Output details
34 - Art and Design: History, Practice and Theory
University of Plymouth
Concrete Firmament
The image sequence for this exhibition explored formal and psychological qualities of road tunnels, and links between spatial experience and the triggering of remembered experience with reference to Merleau Ponty’s concept of expanded space; spaces no longer perceived for themselves but extending the scope and radius of touch.
The images were produced during a three-month residency at the British School at Rome (2009/10) using as prompts video footage shot on Italian motorways during 2008. The film employed tunnels as a formal device to consider journeys between sites of spiritual/cultural importance (e.g. between San Vitale, Ravenna mosaics and Fra Angelico’s monastic cell frescoes in San Marco, Florence).
The research process involved transforming passing, illusory fragments into energised hallucinatory spaces, using a personalised medium and process developed over ten years. Specific tunnel spaces considered triggered memory, informed by Simonides ancient notion of ‘memory palace’, in which memory is stored through use of particular environments. The work also reinterprets Freud’s notion that all tunnel-like spaces concern the vagina or womb, establishing additional connections to the cave, to museum culture, and to ecclesiastical space.
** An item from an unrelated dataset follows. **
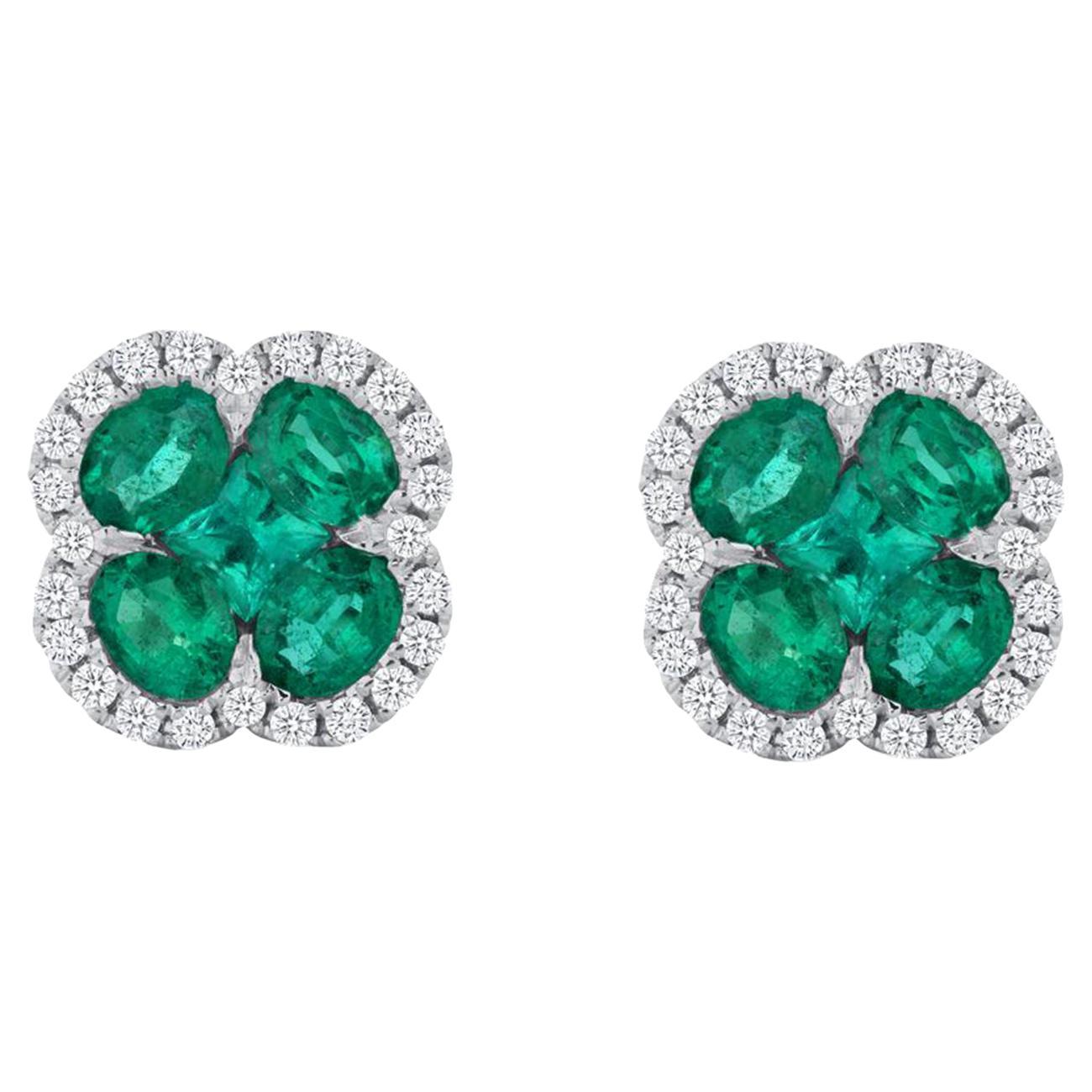 1.32 CT Natural Emerald 0.35 CT Diamonds 18K Gold Stud Four Leaf Clover Earrings For Sale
The sequence employed a methodological shift – figurative transcriptions of still frames from film sequences were subjected to excessive chemical dissolution and further improvisation – to juxtapose photographic, cinematic, and painterly elements, and to fuse unrelated emotions, such as fear and nostalgia. An extremely thin layer of graphite was deployed throughout, to emphasise correspondence with film as ‘skin’, and as projection.